>>>>
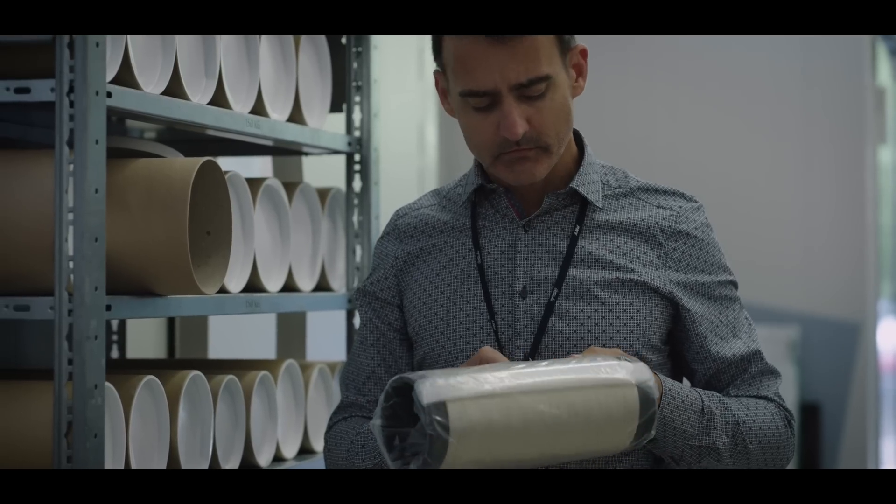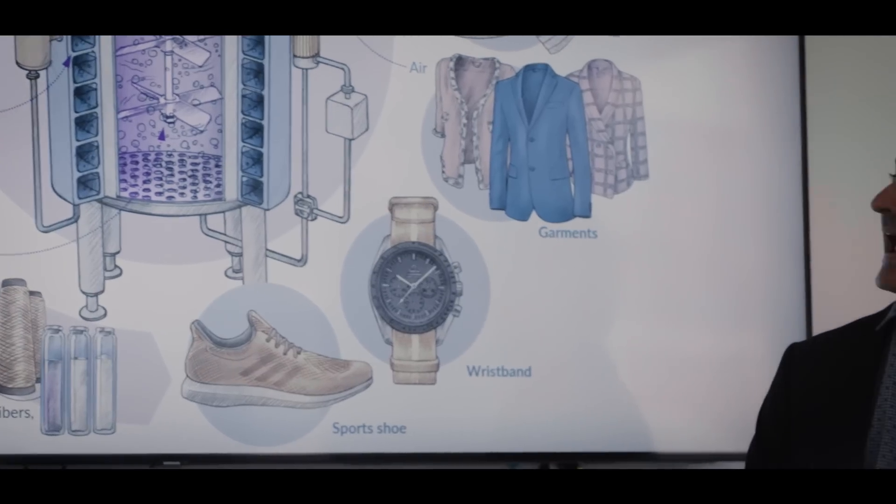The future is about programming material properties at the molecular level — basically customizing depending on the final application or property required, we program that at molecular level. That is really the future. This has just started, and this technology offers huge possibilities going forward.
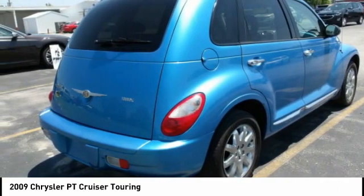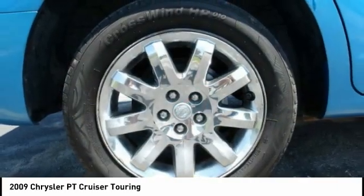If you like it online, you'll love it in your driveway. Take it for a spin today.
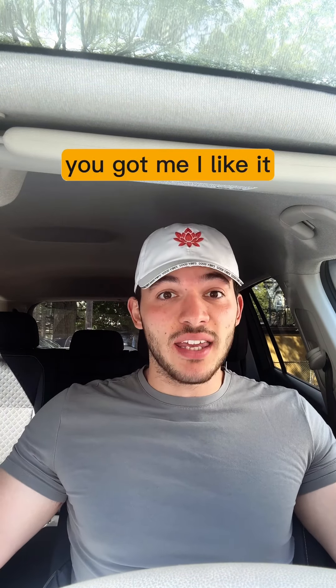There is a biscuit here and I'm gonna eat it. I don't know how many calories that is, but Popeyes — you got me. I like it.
<<<<
>>>>
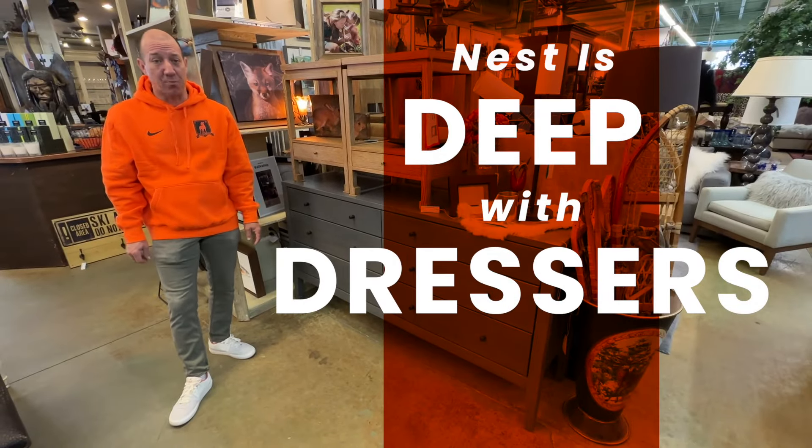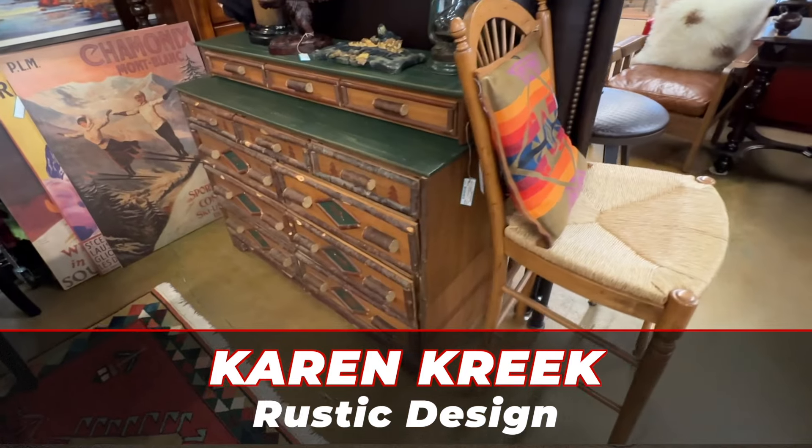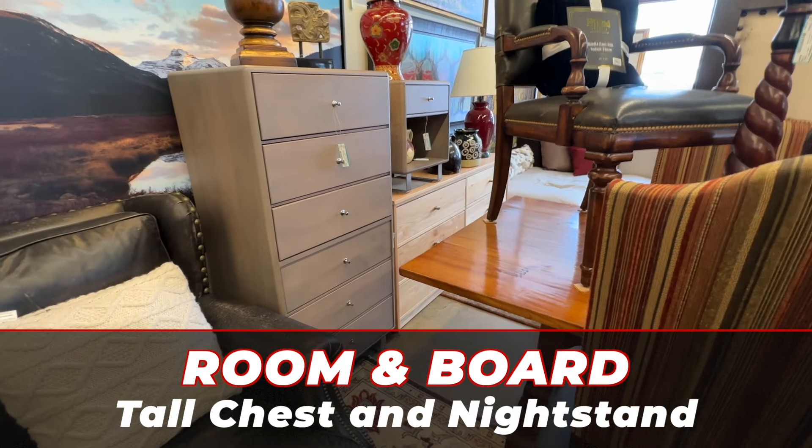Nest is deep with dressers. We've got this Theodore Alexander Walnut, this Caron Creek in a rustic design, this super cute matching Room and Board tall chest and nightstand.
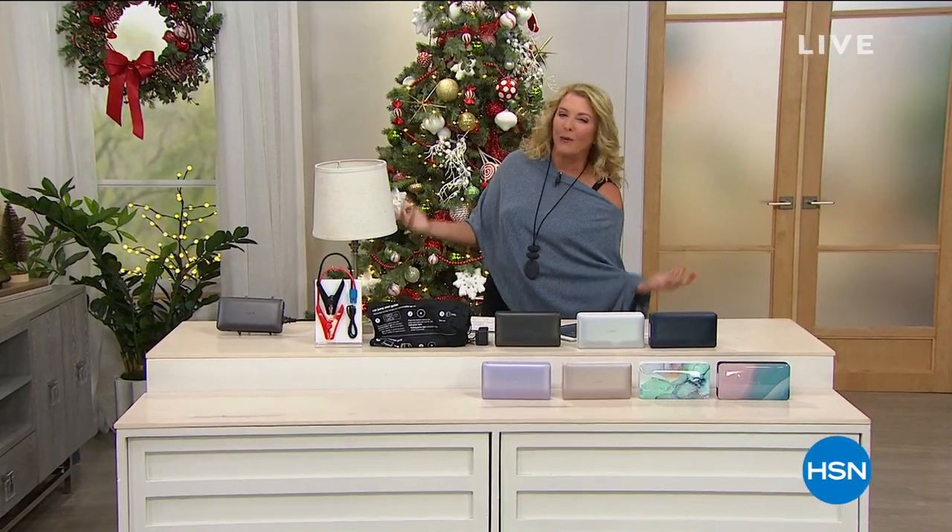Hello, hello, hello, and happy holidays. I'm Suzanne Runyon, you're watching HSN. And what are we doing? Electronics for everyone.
<<<<
>>>>
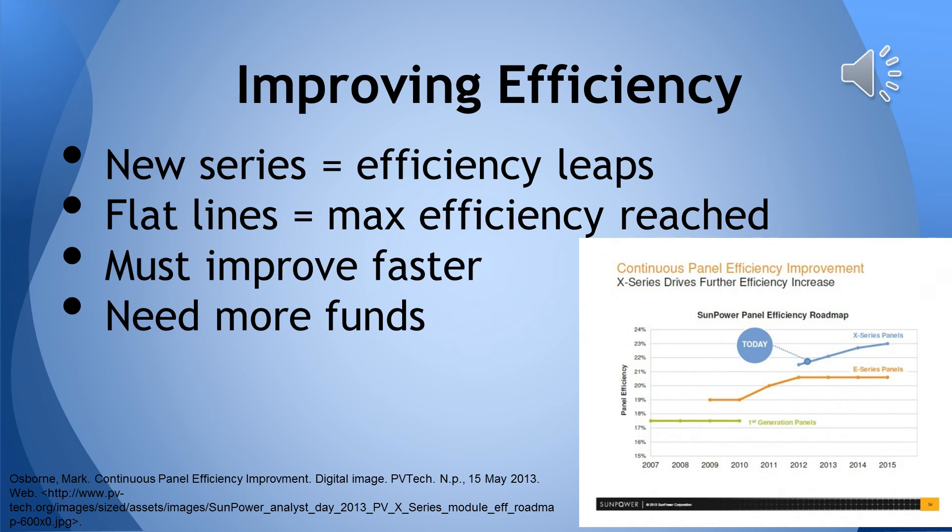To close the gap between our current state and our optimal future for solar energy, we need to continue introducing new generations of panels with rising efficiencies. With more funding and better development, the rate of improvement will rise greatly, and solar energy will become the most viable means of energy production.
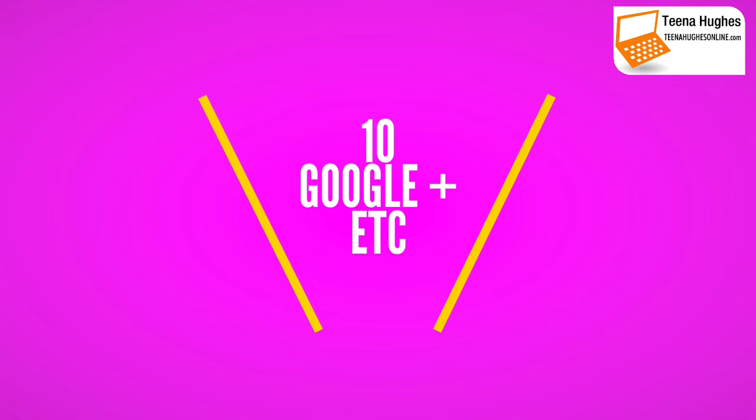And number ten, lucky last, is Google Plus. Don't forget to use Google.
<<<<
Task item: Beginning at the line that has "The future is" and ending at the line that has "If you like", restate the listing above word for word, pictures left out.

Answer for the task:
The future is about programming material properties at the molecular level — basically customizing depending on the final application or property required, we program that at molecular level. That is really the future. This has just started, and this technology offers huge possibilities going forward.
If you like it online, you'll love it in your driveway. Take it for a spin today.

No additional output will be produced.